With the UCAS deadline for 2020 courses just a week away (Wednesday 15th January), we've got some last-minute application tips.
Choosing the right university is a big deal, so it’s natural to worry about your UCAS application – especially as the 15th January deadline looms. Does your personal statement reflect who you really are? Have you chosen the right course? The right university? Here's what to bear in mind as you put the finishing touches to your application.
With so many courses to choose from, narrowing down your choices can seem overwhelming. If you have a dream job in mind, think about what course(s) will help you get there. If you don’t know just yet exactly what direction you want your career to take you (which is fine, btw), think about what subjects you are good at. You’ll be deep diving into your chosen subject for the next three years, at least, so make sure it’s something that can hold your attention.
University rankings are a good starting point for narrowing down your choices, but also think about what student life is like at your chosen university. Do your research and get under the skin of the universities you’ve applied for. You need to know that, outside the lecture theatre, you will be happy living there for the next three or four years.
What and where you study is only part of the puzzle. What work experience is offered as part of your degree? What companies offer placements to students on your course? A university’s employability rates are a good way of researching where your degree can take you.
We know there is a lot to consider before you press submit on your UCAS application, but bear in mind that the deadline is 6pm on Wednesday 15th January. Resist the urge to leave it to the last minute as patchy Wi-Fi, lost passwords and last-minute technical glitches can conspire against you, leaving you pulling your hair out at 5.55pm!
Make sure you leave enough time to spell-check your application and double-check that everything – including a completed reference and personal statement – are in order.

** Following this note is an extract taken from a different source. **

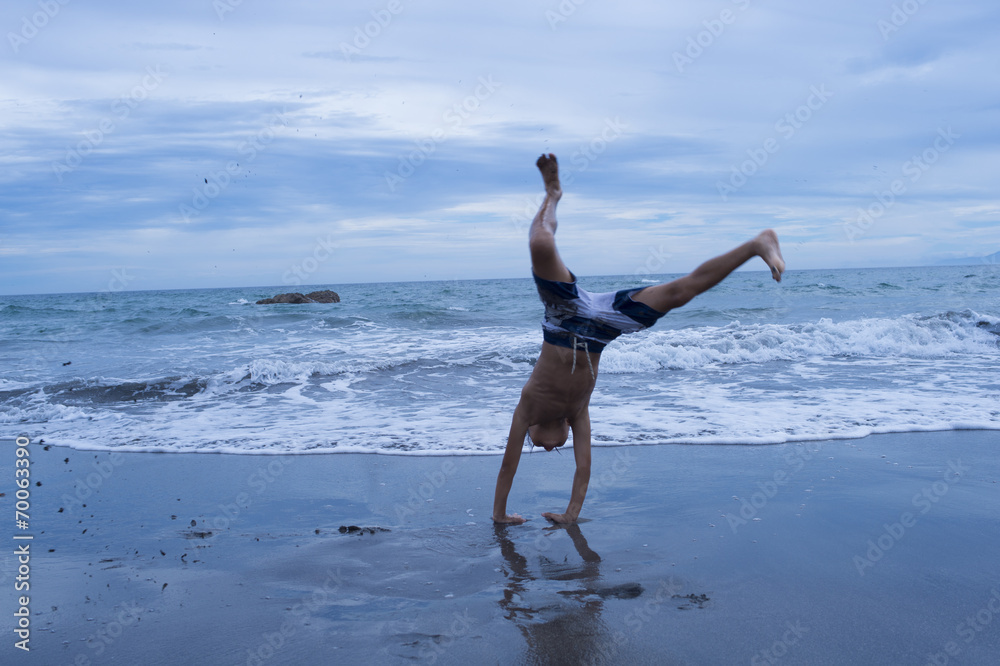 Boy to handstand on the beach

Keep your UCAS passwords and email logins safe – you don’t want to get locked out on the crucial deadline day. You’ll also need the UCAS codes and numbers for the universities that you are applying.

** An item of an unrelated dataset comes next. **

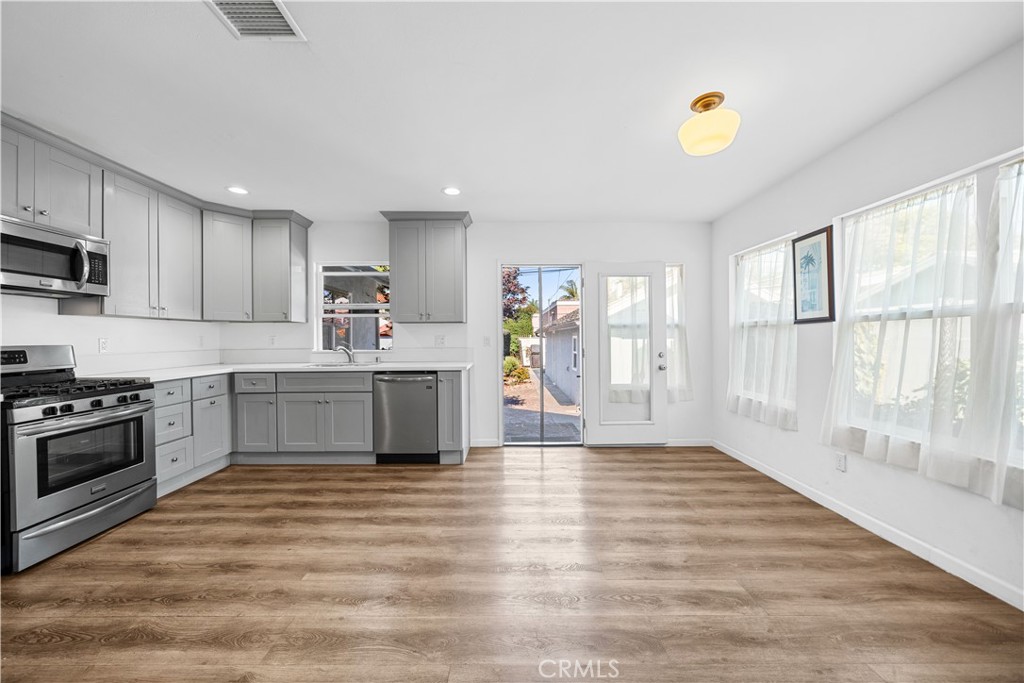 202 Mira Mar Avenue Long Beach, CA 90803 - Photo 13 of 49 a kitchen with stainless steel appliances granite countertop a stove and a sink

Perhaps more important that the dreaded Personal Statement is a reference. If you are still in school or college, this should be from a tutor, teacher or principle; if you are coming back to uni from work, then an employer or supervisor can act as a referee. Friends and family members are not permitted to act as referees.

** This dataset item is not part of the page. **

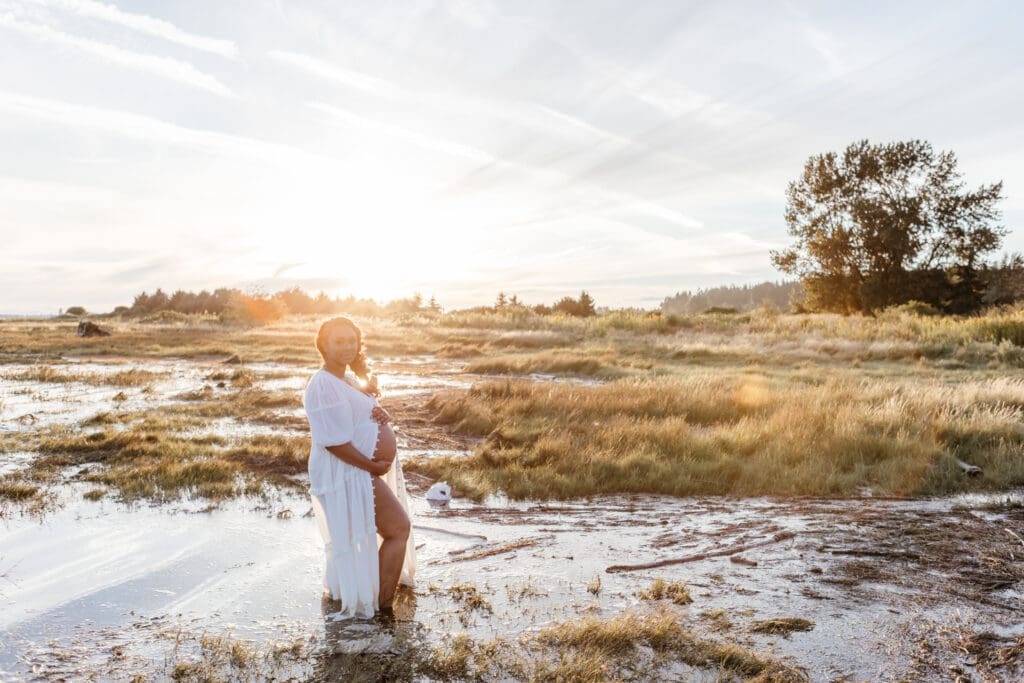 Expectant mother wearing a neutral white maternity dress for an outdoor photo session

The reference should include any relevant work experience, your career goals, predicted grades (if your referee is your teacher) and any circumstances that might affect your academic work, for example, personal problem, illness or any individual needs you have.
With 4,000 characters to fill, the Personal Statement section of a UCAS application can be a major stumbling block for a lot of students. It’s tempting to overthink your Personal Statement and get a serious case of writer’s block as you try to craft the perfect passage of prose.
Stop searching the internet for the ‘ideal’ Personal Statement format (and definitely don’t use someone else’s words) and go back to basics. All your Personal Statement needs to do is tell the university you are applying to why their course is a good fit for you.
Try not to get side-tracked writing down all your extra-curricular activities: it’s great that you can play 'London’s Burning' on the recorder, but not that relevant to a Finance degree. Apply the ‘so what?’ principle to everything you write in your Personal Statement: if it doesn’t say something about what makes you a strong university candidate, delete it. A good starting point is to jot down everything you want to say, regardless of word count, then edit it afterwards. Pay attention to spelling and grammar and make sure you break up the text with paragraphs to make it readable. It’s a good idea to get someone else to proof-read it too.
UCAS charge an application fee (£20 for a single choice or £25 for multiple courses), which can either be paid by you when you apply or your school or college may supply UCAS with a lump sum and ask for your payment. However, this is not the only cash you need to factor into your budget when it comes to applying for university.
You need to think about how you’ll pay your course fees and how you’ll fund your student life in the future. You might want to consider a student loan and research any scholarships that you might be eligible for.
Once you have submitted your application, your details will be sent to all your chosen universities. Their admissions department will consider your application and check if you fit the entry criteria for your chosen course(s), then UCAS will let you know in due course via UCAS Track when they have made a decision.
The absolute deadline for universities to get back to you with a decision is 5th May, though UCAS encourage universities to make all their decisions by 31 March 2020. Keep an eye on your UCAS Track as your deadline for making your decision will depend on when you get your decisions back from your selected universities.
After that, it’s time for you to make your big decision on your firm choice. Use the time to do more research on your chosen universities so that you’ve got all the information you need to make your firm choice.